But what gets me is this October 2006 Guardian article:
http://www.guardian.co.uk/world/2006/oct/20/usa.film
The Black marines they interviewed felt like they'd been erased from history. They described how cameras had been deliberately turned away from them--in 1945, apparently, no one, apparently, wanted Black and White soldiers to be seen working and fighting together. All these veterans wanted, apparently, was just a couple of Black extras to represent them, to provide some public acknowledgment of their existence and experience. No main characters, no multicultural re-imagining of the flag-raising frieze, although one of the veterans points out that it was his scrap metal that was used for the pole.

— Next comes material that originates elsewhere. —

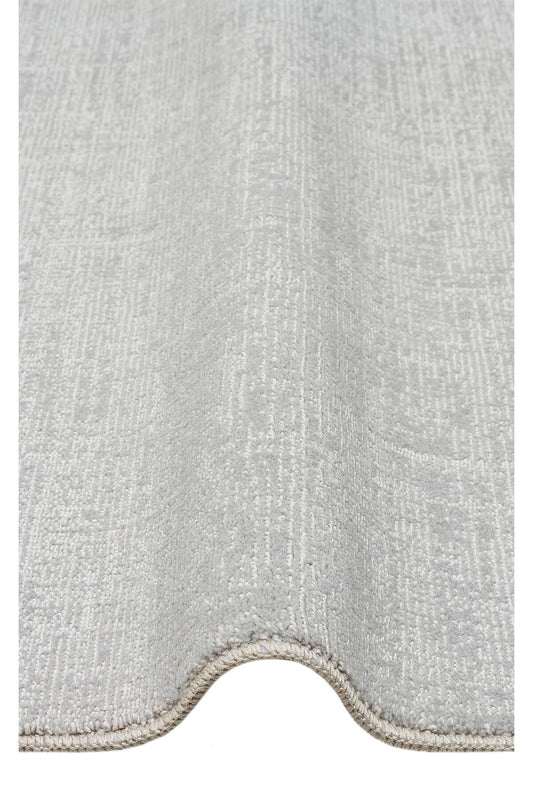 KALAHARİ KLH PLAIN SILVER Özel Dokuma Tekniği Ile Üretilen Modern Sade Desenli Makine Halısı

What makes a good war movie or book is less the story it tells than the accuracy with which it tells it. It needs to honor, respect, and above all not gloss over the soldier's experience. Anything else is propaganda. That was the whole point of "Flags of Our Fathers," wasn't it? To show the reality behind that historic, incredibly photogenic, literally too-good-to-be-true moment and how it could be distorted, mutilated, and reshaped for official purposes without regard to the people who took part and risked (or gave) their lives for it. Anything less is suspect.
I don't think Eastwood deliberately meant to perpetuate this serious inaccuracy, or omit the experience of Black veterans. But if he honestly thought, with all the research he'd presumably done for this movie, that there'd been no Black soldiers on Iwo Jima, then they effectively *have* been erased from history.
I think Spike Lee was right, and I look forward to his movie--but with a critical eye. I want to see *him* get it right and not sacrifice accuracy for ideology.